Know all by these presents that the undersigned hereby constitutes and appoints Scott M. Confer the undersigned's true and lawful attorney-in-fact to:

(1) execute for and on behalf of the undersigned, in the undersigned's capacity as a director and/or an executive who is or may be considered to be an officer (as defined for purposes of Section 16 of the Securities Exchange Act of 1934 (the Act) and the rules thereunder) of Meritor, Inc. (the Company), Form ID and Forms 3, 4 and 5 in accordance with Section 16(a) of the Act and the rules thereunder;

(2) do and perform any and all acts for and on behalf of the undersigned which may be necessary or desirable to complete and execute any such Form 3, 4 or 5 and timely file such form with the United States Securities and Exchange Commission and any stock exchange or similar authority; and

(3) take any other action of any type whatsoever in connection with the foregoing which, in the opinion of such attorney-in-fact, may be of benefit to, in the best interest of, or legally required by, the undersigned, it being understood that the documents executed by such attorney-in-fact on behalf of the undersigned pursuant to this Power of Attorney shall be in such form and shall contain such terms and conditions as such attorney-in-fact may approve in such attorney-in-fact's discretion.

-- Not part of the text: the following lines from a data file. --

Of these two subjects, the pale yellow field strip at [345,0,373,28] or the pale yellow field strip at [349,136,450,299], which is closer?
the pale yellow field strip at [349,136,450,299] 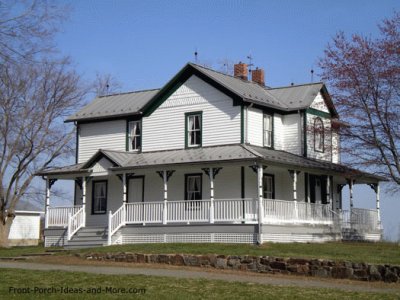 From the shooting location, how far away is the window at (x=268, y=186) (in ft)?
103

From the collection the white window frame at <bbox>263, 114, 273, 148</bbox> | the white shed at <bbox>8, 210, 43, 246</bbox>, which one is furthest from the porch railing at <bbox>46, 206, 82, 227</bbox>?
the white shed at <bbox>8, 210, 43, 246</bbox>

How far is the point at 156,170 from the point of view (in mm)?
30906

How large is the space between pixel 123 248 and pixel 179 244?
2.34 metres

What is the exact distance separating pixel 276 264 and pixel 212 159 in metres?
9.01

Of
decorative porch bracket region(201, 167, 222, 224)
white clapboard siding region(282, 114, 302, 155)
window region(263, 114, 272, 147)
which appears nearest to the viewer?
decorative porch bracket region(201, 167, 222, 224)

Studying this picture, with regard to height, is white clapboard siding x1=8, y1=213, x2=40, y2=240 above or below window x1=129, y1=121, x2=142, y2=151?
below

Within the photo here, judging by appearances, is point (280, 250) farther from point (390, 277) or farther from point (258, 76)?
point (258, 76)

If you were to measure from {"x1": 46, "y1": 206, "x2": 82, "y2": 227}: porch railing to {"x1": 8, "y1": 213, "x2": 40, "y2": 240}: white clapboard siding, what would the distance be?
14888 mm

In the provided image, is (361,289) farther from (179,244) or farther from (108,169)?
(108,169)

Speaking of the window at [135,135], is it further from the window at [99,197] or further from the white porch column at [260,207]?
the white porch column at [260,207]

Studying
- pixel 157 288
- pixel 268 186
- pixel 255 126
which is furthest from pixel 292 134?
pixel 157 288

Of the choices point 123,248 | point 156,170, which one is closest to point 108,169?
point 156,170

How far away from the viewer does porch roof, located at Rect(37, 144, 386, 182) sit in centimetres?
2895

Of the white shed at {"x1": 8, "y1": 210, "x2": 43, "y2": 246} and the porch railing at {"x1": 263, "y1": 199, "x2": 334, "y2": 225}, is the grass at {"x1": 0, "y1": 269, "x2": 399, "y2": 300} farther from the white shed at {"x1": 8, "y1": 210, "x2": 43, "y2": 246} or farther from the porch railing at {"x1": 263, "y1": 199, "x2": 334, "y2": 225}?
the white shed at {"x1": 8, "y1": 210, "x2": 43, "y2": 246} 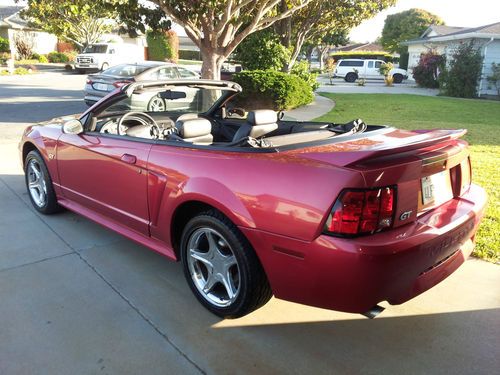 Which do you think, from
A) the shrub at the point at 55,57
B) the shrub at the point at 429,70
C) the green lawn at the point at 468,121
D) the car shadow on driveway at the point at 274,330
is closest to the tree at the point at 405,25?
the shrub at the point at 429,70

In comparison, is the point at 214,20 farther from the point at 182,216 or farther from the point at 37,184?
the point at 182,216

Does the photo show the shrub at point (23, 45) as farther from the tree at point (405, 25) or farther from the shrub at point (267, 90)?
the tree at point (405, 25)

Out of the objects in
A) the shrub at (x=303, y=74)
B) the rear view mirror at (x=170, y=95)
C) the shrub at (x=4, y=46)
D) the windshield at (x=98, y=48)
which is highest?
the shrub at (x=4, y=46)

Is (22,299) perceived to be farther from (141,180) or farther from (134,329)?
(141,180)

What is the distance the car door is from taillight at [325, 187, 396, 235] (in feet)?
5.16

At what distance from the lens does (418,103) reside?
1752 centimetres

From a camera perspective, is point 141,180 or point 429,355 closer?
point 429,355

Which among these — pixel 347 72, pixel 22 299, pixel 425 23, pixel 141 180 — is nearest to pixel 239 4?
pixel 141 180

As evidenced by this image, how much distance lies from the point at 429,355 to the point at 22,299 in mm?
2711

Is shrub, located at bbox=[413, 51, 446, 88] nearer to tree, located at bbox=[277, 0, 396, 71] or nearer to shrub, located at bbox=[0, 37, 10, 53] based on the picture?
tree, located at bbox=[277, 0, 396, 71]

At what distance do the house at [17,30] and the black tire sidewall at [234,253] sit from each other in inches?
1702

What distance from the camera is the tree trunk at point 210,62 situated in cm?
1184

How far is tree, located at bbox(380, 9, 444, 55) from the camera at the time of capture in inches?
2177

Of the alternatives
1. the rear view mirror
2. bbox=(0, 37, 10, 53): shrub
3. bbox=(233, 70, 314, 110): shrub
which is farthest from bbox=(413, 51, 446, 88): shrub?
bbox=(0, 37, 10, 53): shrub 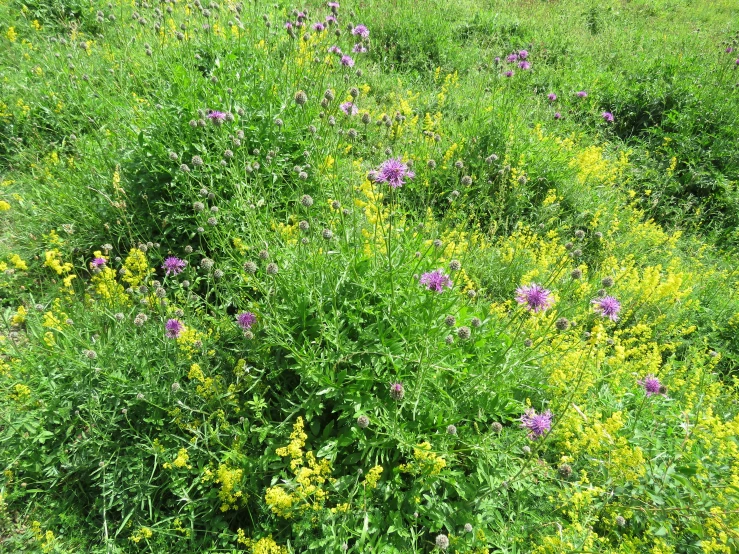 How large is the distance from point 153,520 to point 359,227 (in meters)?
2.29

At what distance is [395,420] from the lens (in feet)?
7.52

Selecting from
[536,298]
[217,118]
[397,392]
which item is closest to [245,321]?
[397,392]

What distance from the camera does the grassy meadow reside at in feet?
7.67

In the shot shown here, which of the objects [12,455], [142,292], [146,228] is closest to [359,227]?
[142,292]

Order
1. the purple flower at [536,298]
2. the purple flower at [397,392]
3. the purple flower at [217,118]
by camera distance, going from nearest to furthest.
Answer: the purple flower at [397,392] → the purple flower at [536,298] → the purple flower at [217,118]

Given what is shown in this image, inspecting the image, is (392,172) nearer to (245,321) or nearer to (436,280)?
(436,280)

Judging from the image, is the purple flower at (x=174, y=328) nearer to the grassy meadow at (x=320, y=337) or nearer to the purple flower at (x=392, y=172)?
the grassy meadow at (x=320, y=337)

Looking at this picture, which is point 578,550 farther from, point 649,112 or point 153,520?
point 649,112

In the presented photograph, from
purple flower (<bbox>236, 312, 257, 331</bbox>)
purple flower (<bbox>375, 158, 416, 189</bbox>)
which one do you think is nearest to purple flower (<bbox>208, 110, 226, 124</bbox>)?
purple flower (<bbox>375, 158, 416, 189</bbox>)

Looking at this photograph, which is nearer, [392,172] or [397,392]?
[397,392]

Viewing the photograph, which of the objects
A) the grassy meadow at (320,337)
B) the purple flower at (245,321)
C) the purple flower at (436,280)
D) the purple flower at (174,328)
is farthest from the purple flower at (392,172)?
the purple flower at (174,328)

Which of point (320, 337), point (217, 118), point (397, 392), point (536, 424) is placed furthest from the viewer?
point (217, 118)

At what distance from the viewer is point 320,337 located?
8.46 ft

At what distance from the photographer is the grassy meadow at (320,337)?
234 cm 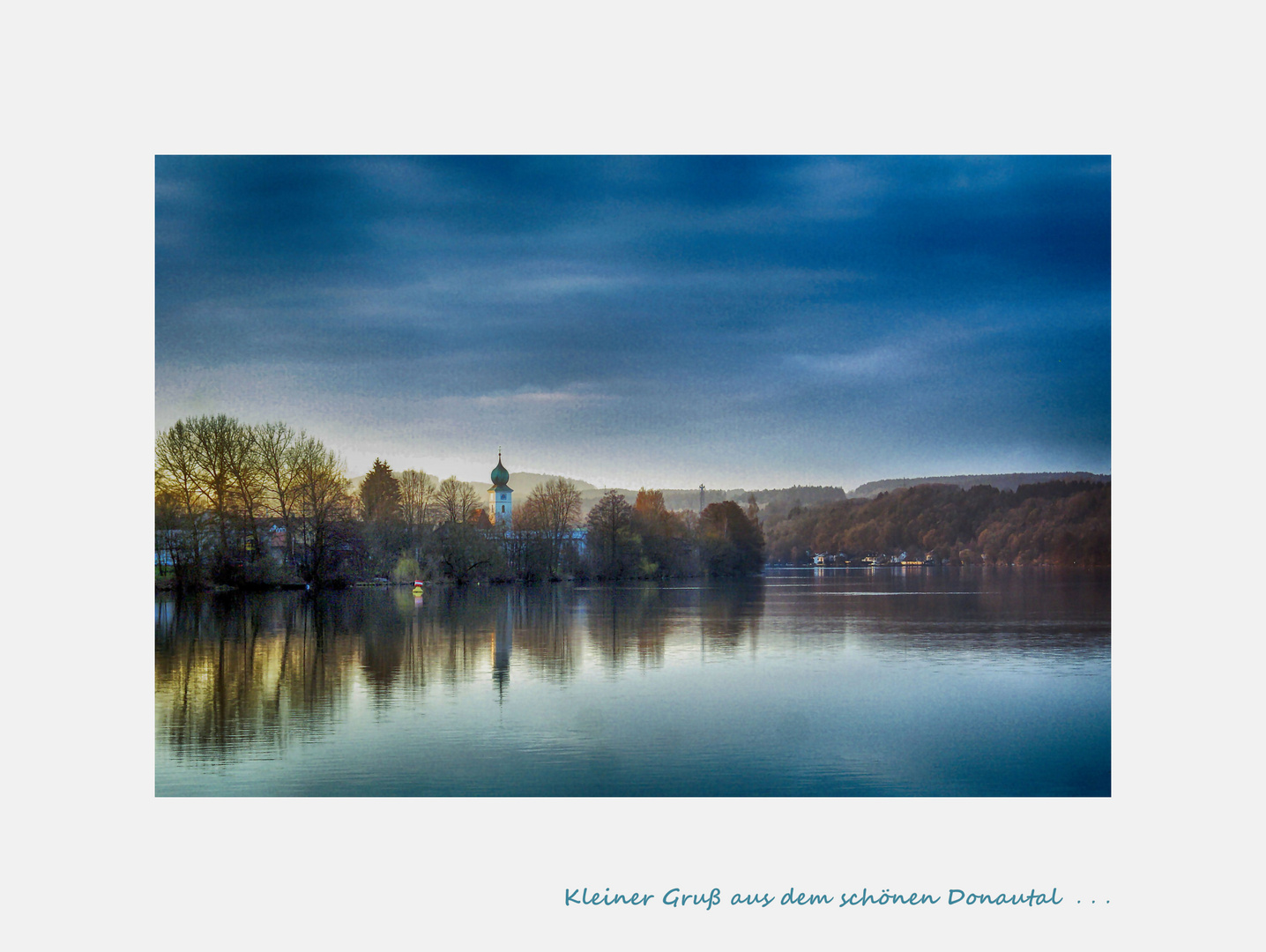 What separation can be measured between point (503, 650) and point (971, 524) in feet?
75.8


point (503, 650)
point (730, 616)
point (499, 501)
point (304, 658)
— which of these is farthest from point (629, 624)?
point (499, 501)

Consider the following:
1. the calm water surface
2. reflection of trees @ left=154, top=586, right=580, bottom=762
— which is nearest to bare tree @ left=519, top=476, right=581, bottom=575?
reflection of trees @ left=154, top=586, right=580, bottom=762

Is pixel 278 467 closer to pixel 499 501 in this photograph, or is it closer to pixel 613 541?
pixel 613 541

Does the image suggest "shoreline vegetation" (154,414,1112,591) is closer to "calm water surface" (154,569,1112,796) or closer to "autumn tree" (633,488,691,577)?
"autumn tree" (633,488,691,577)

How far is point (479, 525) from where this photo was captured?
58.2 meters

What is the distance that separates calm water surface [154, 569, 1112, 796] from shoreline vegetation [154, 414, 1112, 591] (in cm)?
393

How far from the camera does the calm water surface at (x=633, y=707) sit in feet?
37.6

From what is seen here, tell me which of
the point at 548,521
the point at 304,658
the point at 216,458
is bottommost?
the point at 304,658

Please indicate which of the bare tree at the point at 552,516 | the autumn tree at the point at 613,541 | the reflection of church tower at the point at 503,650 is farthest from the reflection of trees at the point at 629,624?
the autumn tree at the point at 613,541

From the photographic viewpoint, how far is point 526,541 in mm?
59719

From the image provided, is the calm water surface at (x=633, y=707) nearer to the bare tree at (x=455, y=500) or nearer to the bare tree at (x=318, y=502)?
the bare tree at (x=318, y=502)

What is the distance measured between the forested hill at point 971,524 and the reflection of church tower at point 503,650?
41.1ft

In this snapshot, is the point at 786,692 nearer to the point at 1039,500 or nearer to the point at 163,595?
the point at 1039,500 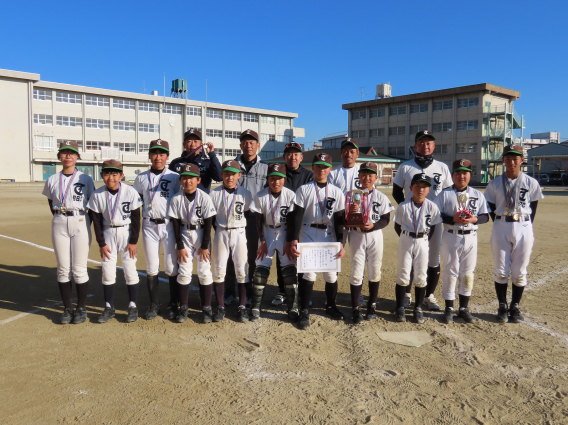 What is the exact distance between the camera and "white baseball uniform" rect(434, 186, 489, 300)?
5348 millimetres

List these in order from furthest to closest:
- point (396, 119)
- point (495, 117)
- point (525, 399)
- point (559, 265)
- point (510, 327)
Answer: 1. point (396, 119)
2. point (495, 117)
3. point (559, 265)
4. point (510, 327)
5. point (525, 399)

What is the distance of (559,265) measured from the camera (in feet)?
27.9

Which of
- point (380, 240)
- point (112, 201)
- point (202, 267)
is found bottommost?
point (202, 267)

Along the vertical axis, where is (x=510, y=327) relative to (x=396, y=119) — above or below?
below

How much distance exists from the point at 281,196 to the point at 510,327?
3.34 m

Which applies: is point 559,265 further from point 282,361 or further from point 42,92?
point 42,92

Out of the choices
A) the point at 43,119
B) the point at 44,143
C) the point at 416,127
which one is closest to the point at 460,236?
the point at 416,127

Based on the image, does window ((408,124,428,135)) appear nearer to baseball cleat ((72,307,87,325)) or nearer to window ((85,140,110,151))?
window ((85,140,110,151))

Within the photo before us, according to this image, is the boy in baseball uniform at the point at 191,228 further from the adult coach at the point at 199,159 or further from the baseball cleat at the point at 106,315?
the baseball cleat at the point at 106,315

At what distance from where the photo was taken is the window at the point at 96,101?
Answer: 54.0 m

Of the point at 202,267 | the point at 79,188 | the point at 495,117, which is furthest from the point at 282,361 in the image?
the point at 495,117

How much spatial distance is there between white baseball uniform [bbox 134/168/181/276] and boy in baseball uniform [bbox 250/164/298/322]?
3.75 feet

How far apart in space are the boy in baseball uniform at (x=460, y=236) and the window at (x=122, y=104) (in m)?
58.2

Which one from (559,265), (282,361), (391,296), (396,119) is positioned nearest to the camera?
(282,361) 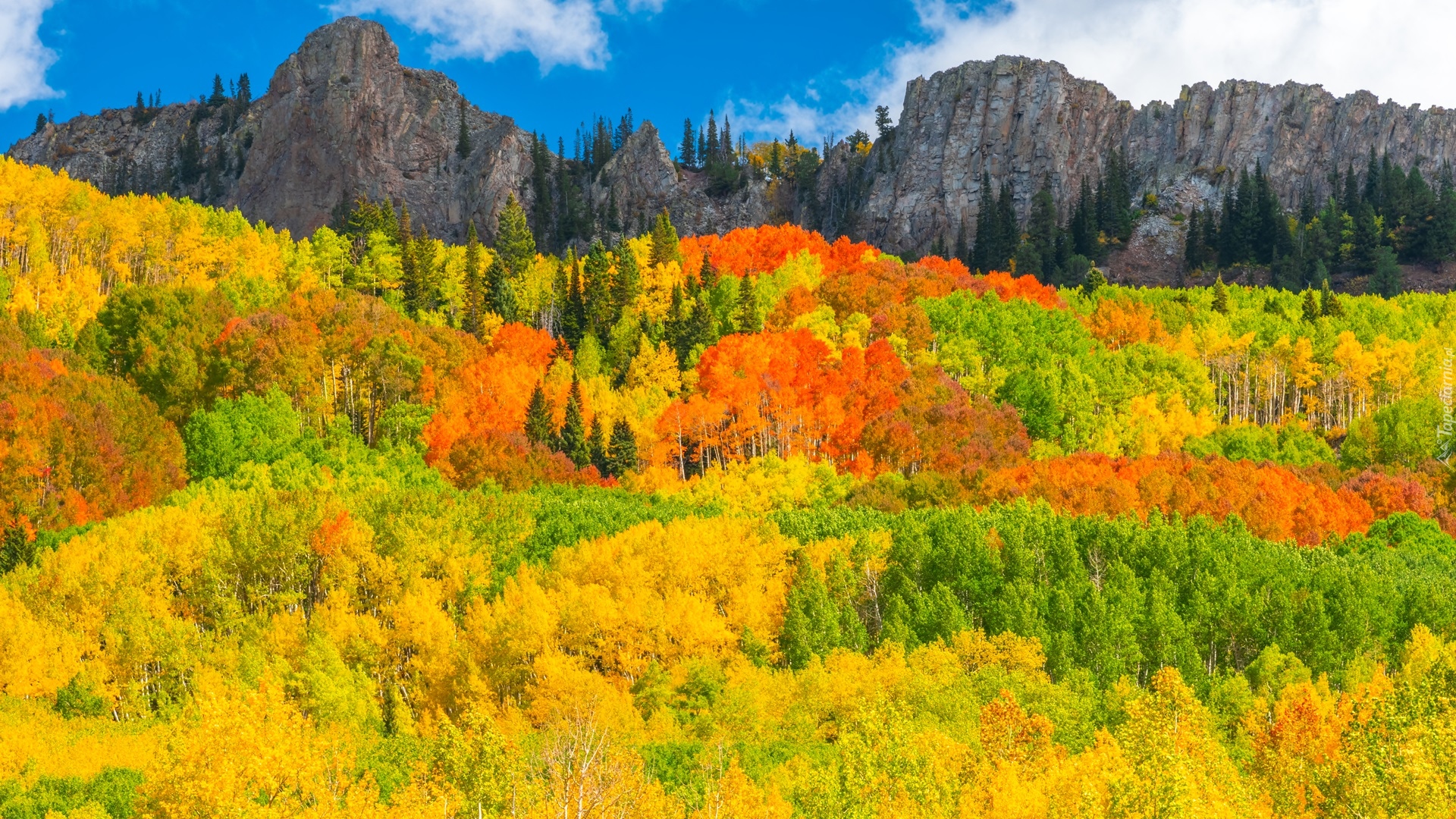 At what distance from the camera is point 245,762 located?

The undersigned hereby grants to each such attorney-in-fact full power and authority to do and perform any and every act and thing whatsoever requisite, necessary or proper to be done in the exercise of any of the rights and powers herein granted, as fully to all intents and purposes as the undersigned might or could do if personally present, with full power of substitution or revocation, hereby ratifying and confirming all that such attorney-in-fact, or such attorney-in-fact's substitute or substitutes, shall lawfully do or cause to be done by virtue of this power of attorney and the rights and powers herein granted. The undersigned acknowledges that the foregoing attorneys-in-fact, in serving in such capacity at the request of the undersigned, are not assuming, nor is the Company assuming, any of the undersigned's responsibilities to comply with Section 16 of the Act and the rules thereunder.

This Power of Attorney shall remain in full force and effect until the undersigned's filing of Forms 3, 4 and 5 with respect to the undersigned's holdings of and transactions in securities issued by the Company is no longer either required or deemed advisable in the opinion of the Company's General Counsel, unless earlier revoked by the undersigned in a signed writing delivered to the Company's Office of the Secretary for distribution to each of the foregoing attorneys-in-fact.

IN WITNESS WHEREOF, the undersigned has caused this Power of Attorney to be executed as of this 1st day of December 2019.